Beginning at the line that contains "Metal Locker 1", reproduce the entries below exactly, ending with the line that contains "Phulkari Embroidered Dupatta". Omit each picture.

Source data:
******

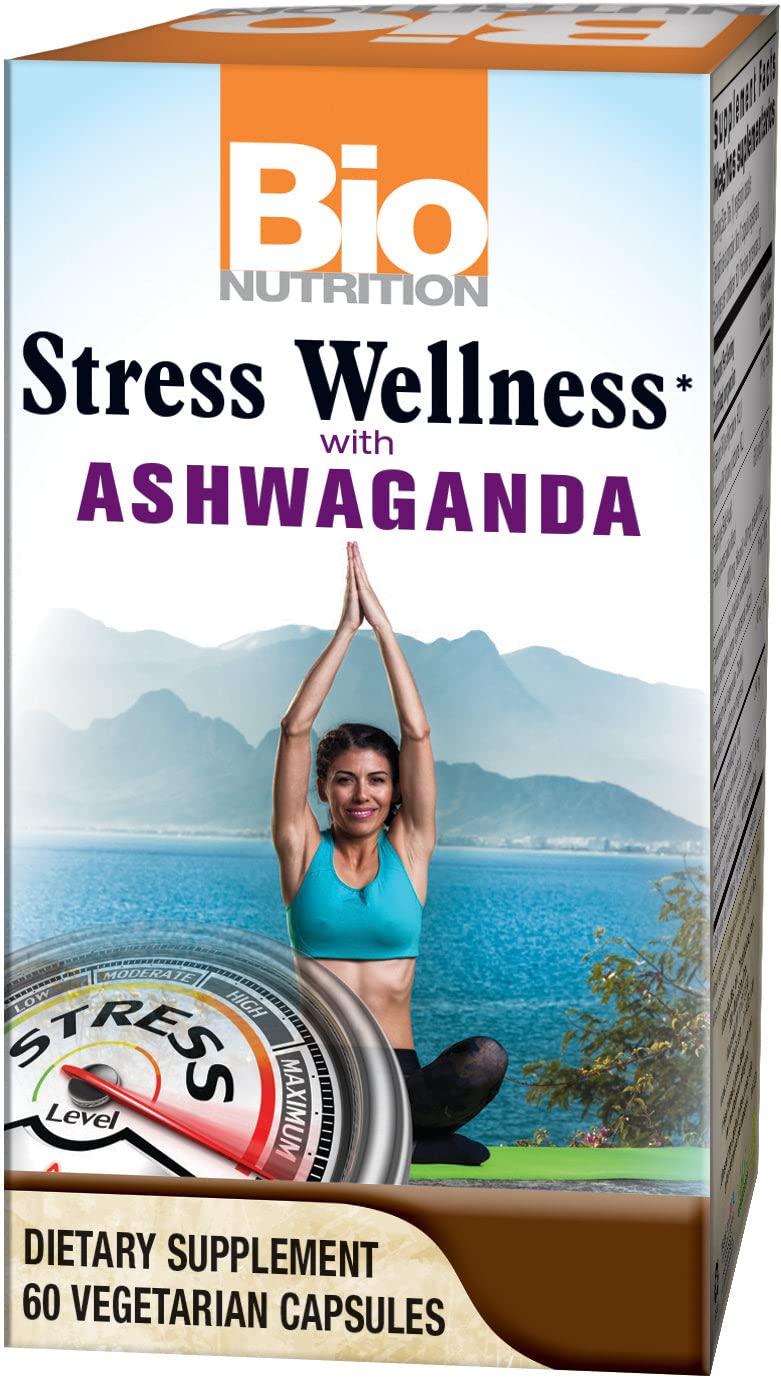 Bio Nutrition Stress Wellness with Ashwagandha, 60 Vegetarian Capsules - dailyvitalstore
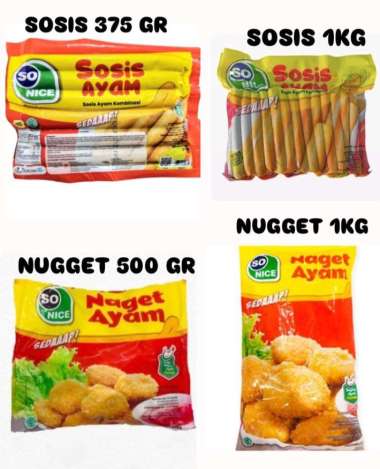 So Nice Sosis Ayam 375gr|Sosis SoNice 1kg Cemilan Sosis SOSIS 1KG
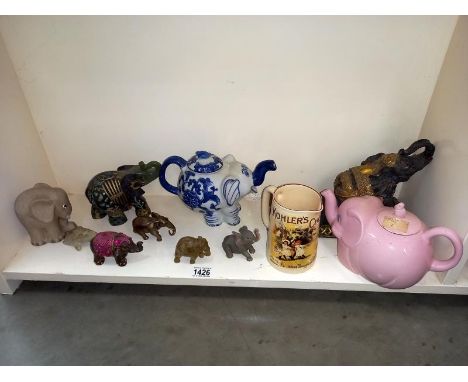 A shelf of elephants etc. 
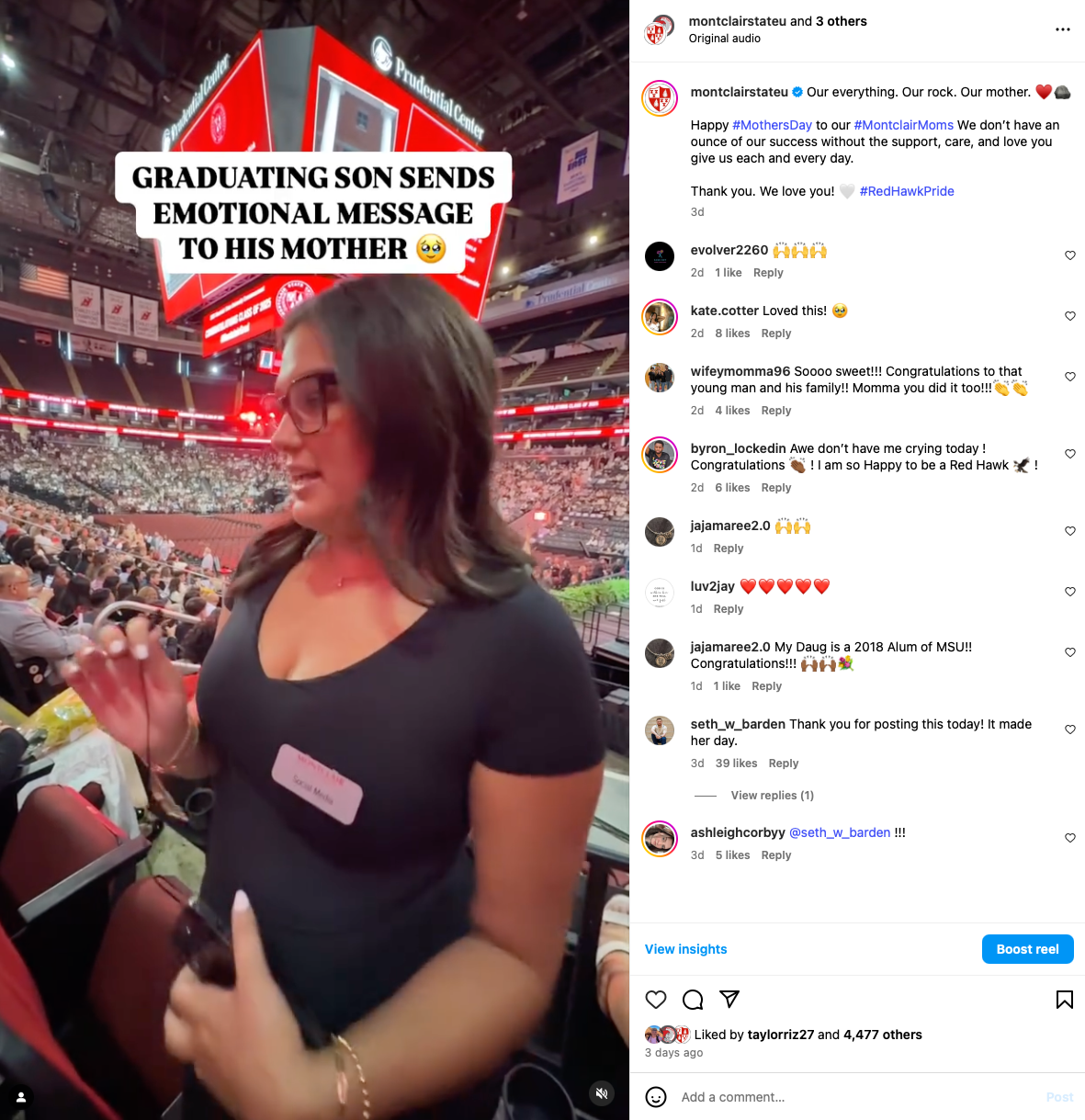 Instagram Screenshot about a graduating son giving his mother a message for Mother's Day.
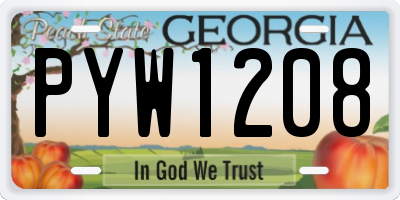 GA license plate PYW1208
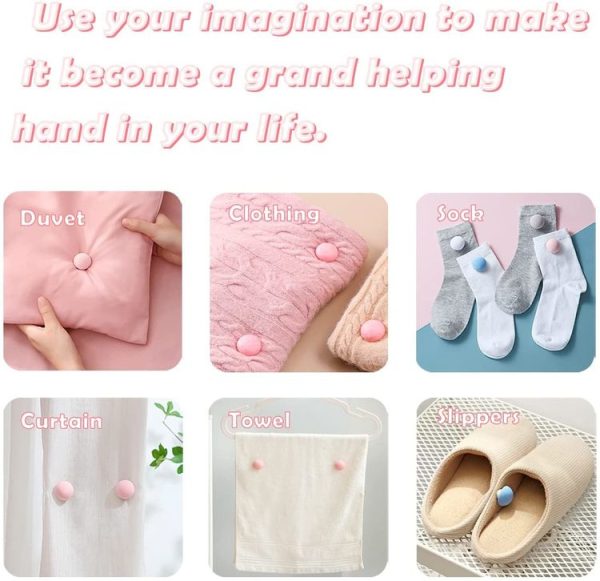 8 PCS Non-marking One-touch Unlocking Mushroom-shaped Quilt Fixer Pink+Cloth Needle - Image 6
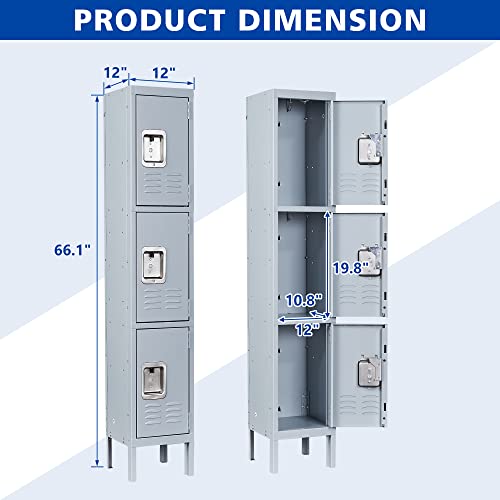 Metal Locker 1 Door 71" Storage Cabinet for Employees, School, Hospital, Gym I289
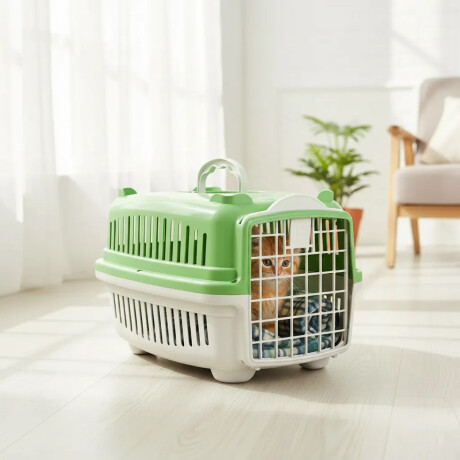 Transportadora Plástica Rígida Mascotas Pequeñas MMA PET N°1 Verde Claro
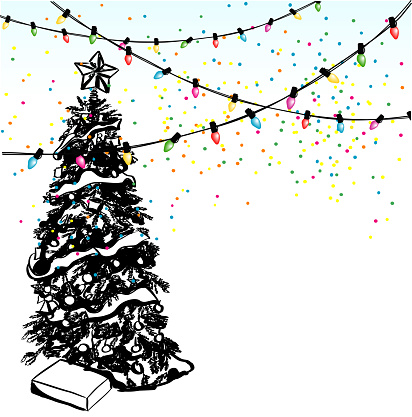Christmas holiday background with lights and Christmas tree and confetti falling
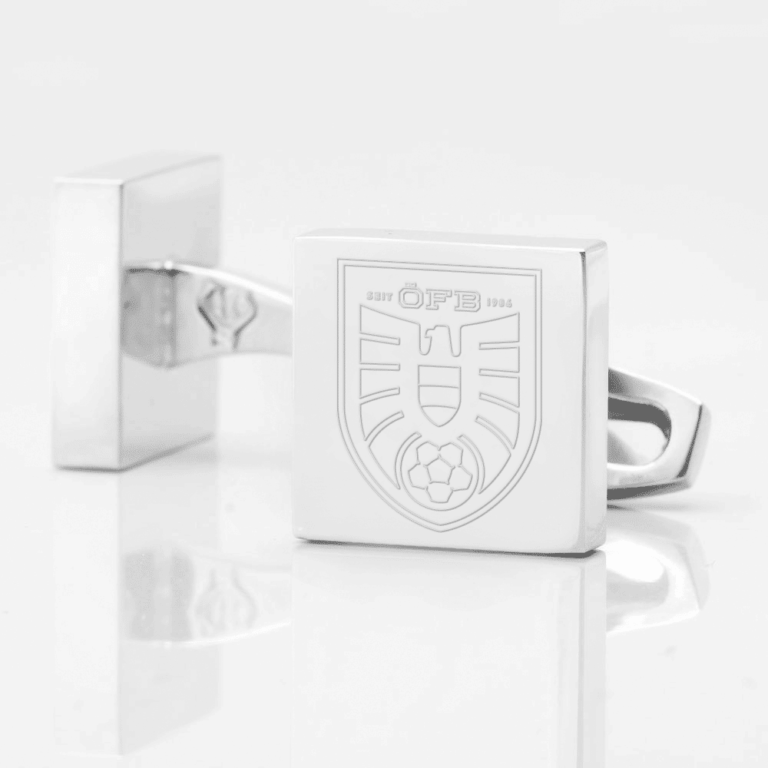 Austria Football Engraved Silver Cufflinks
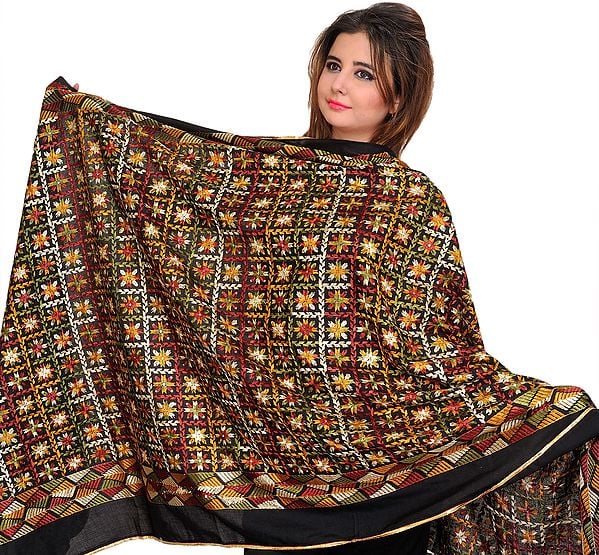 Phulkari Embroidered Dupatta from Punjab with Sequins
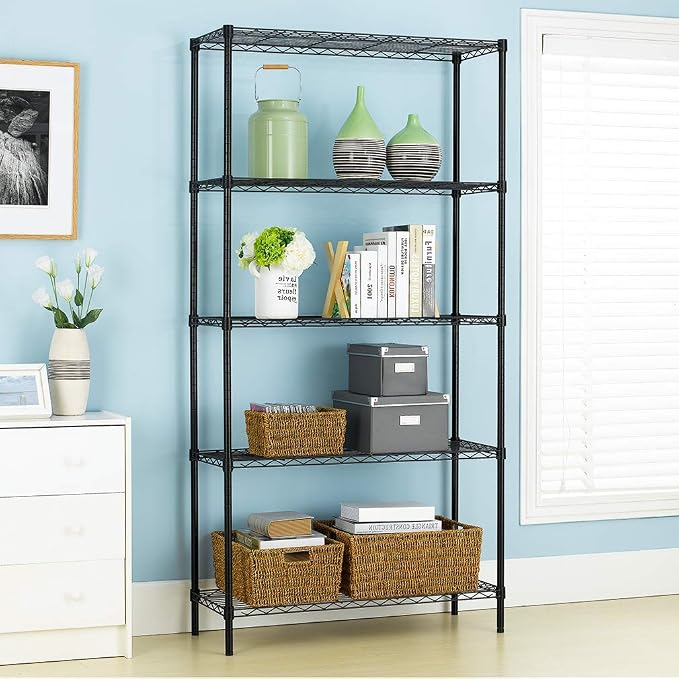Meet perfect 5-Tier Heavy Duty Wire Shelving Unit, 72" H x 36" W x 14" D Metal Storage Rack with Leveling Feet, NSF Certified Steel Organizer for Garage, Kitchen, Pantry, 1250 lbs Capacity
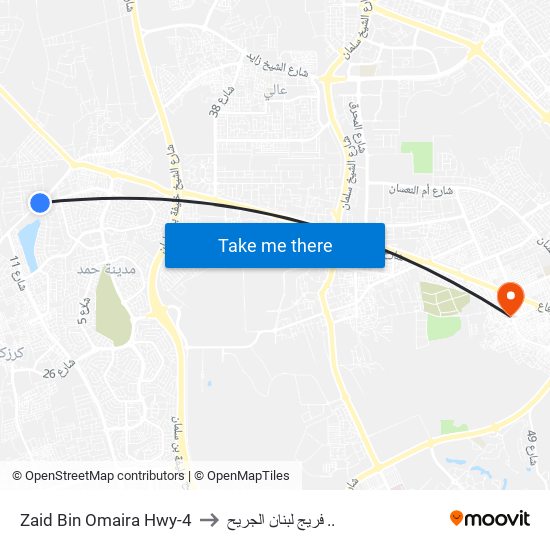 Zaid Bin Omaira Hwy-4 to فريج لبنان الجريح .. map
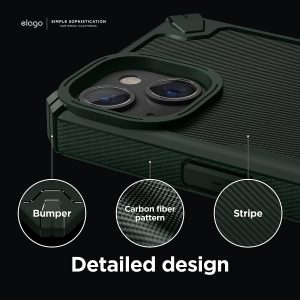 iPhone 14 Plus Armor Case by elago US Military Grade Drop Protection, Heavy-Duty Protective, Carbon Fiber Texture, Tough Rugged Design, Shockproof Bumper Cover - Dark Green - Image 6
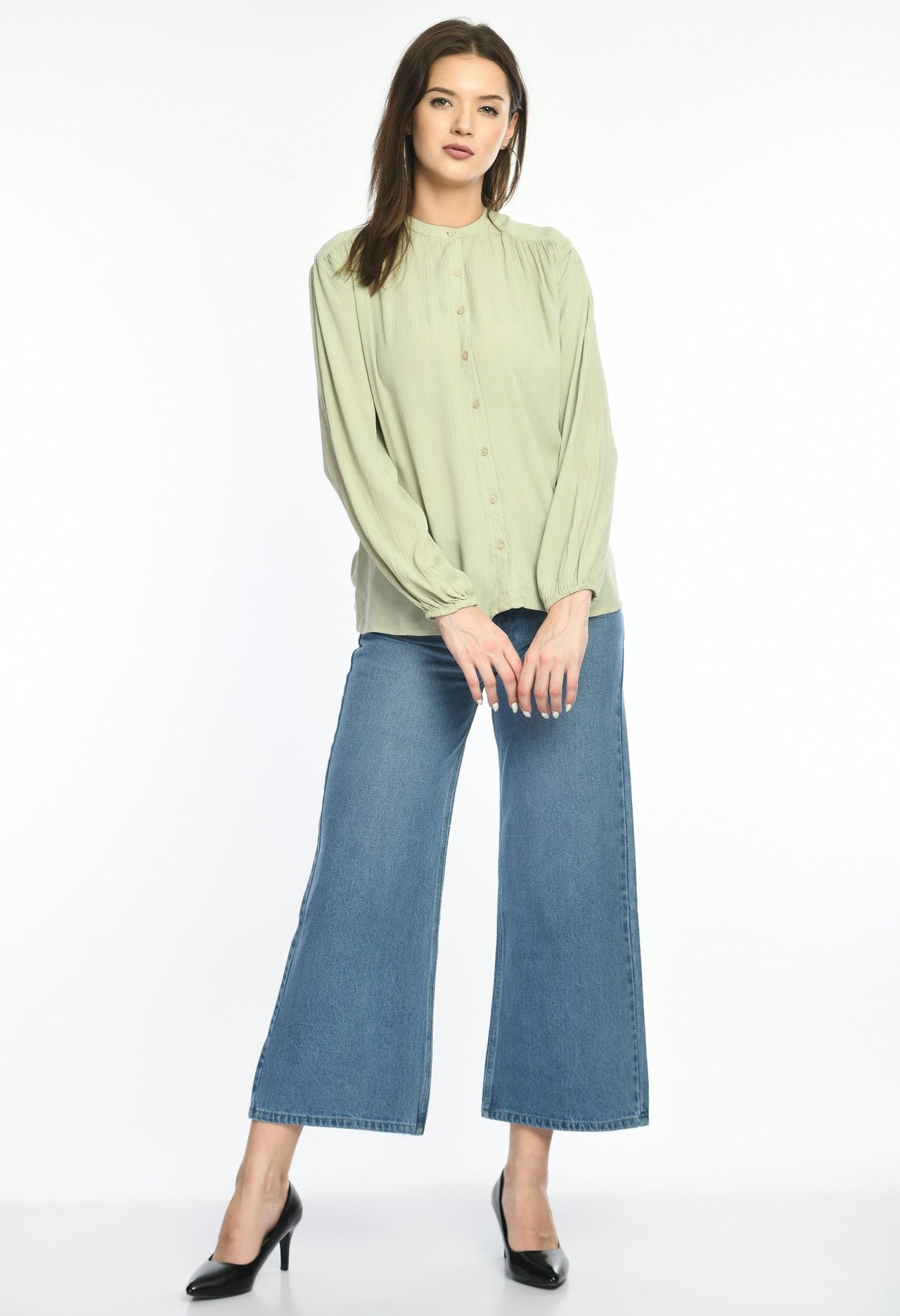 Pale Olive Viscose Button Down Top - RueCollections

******

* _ANSWER_:
 Metal Locker 1 Door 71" Storage Cabinet for Employees, School, Hospital, Gym I289
 Transportadora Plástica Rígida Mascotas Pequeñas MMA PET N°1 Verde Claro
Christmas holiday background with lights and Christmas tree and confetti falling
 Austria Football Engraved Silver Cufflinks
 Phulkari Embroidered Dupatta from Punjab with Sequins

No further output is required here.